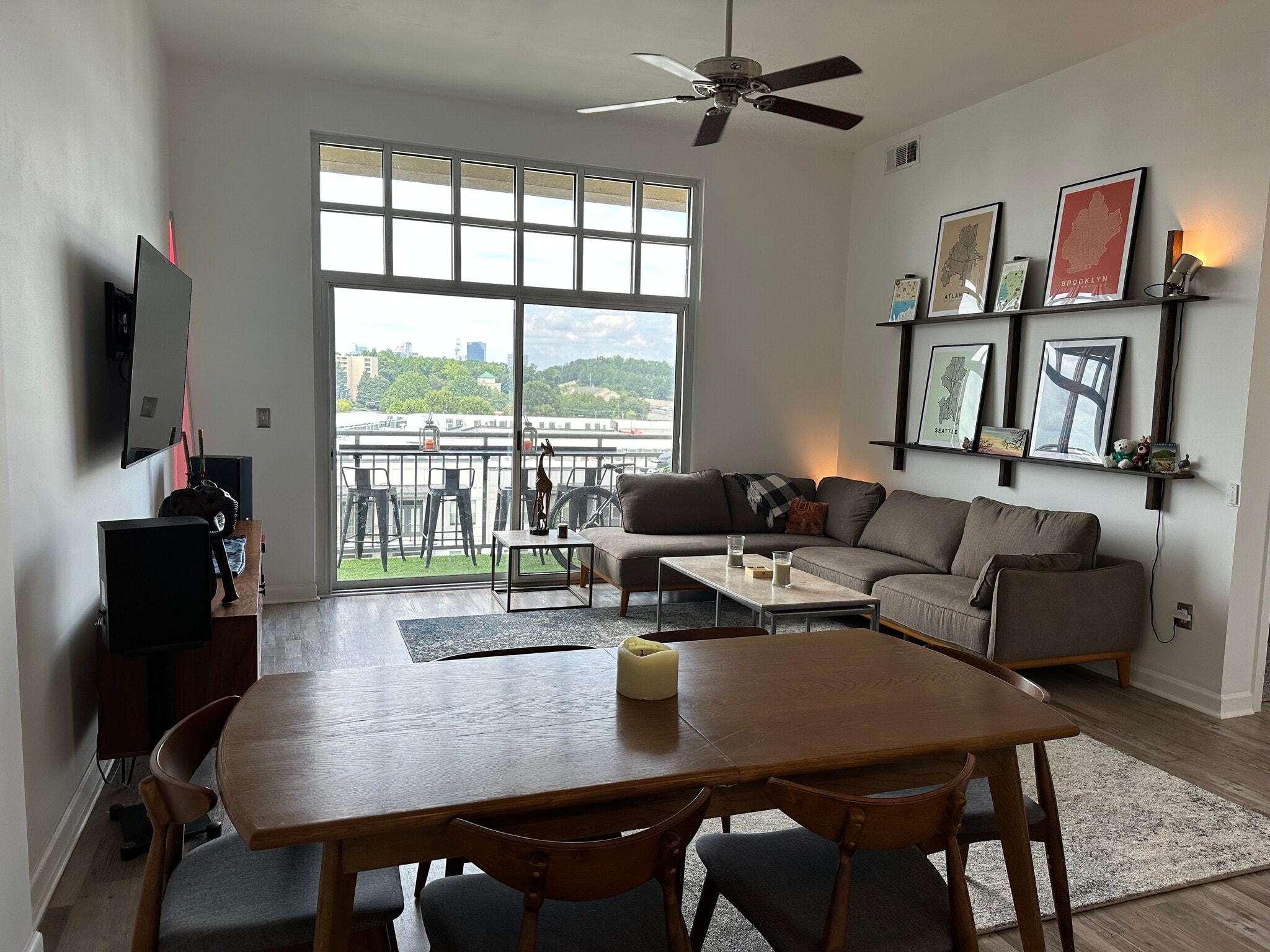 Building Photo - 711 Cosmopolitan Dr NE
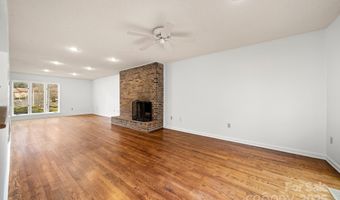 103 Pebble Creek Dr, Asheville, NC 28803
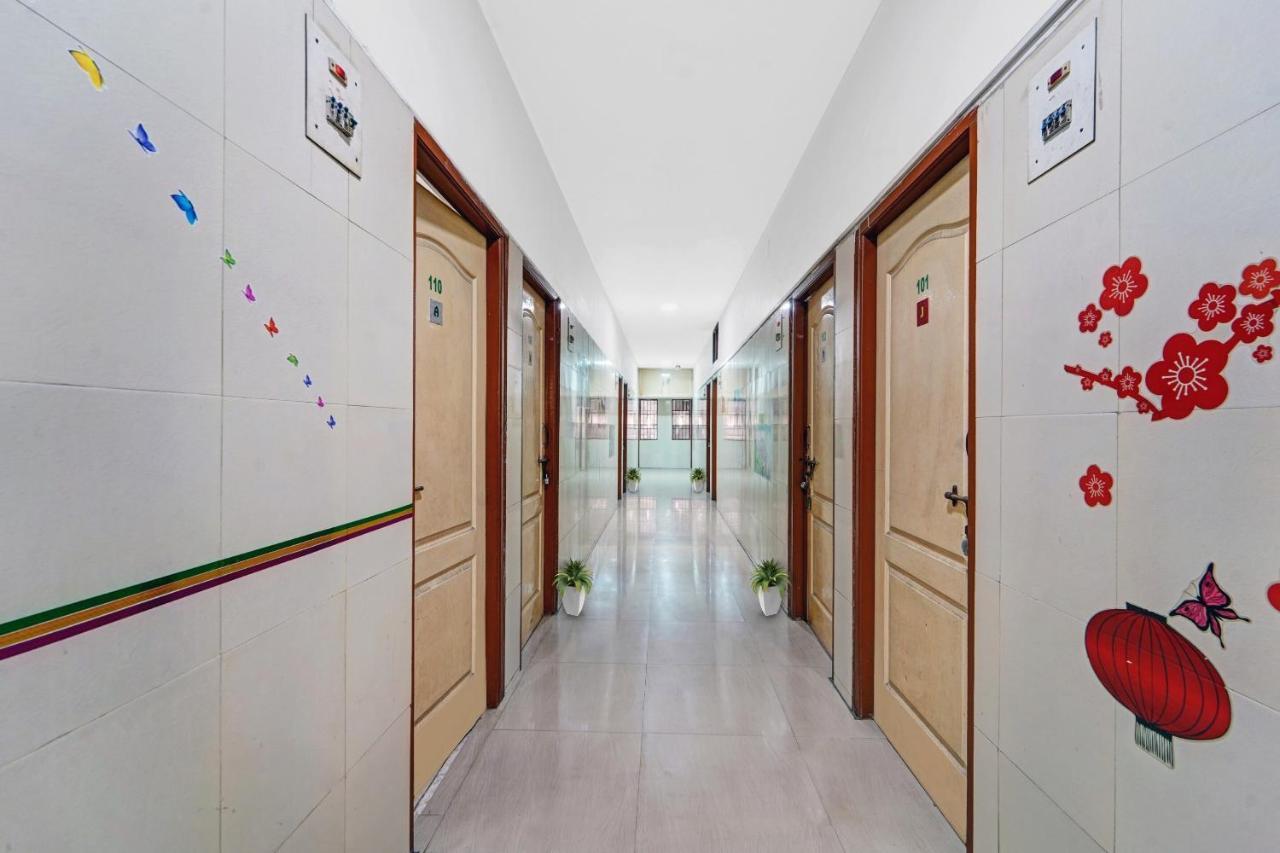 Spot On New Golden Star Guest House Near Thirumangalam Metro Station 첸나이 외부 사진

> EXERCISE AIM
Repeat the listing in full and exactly. Do not include any images.

> OUTPUT
 Building Photo - 711 Cosmopolitan Dr NE
 103 Pebble Creek Dr, Asheville, NC 28803
 Spot On New Golden Star Guest House Near Thirumangalam Metro Station 첸나이 외부 사진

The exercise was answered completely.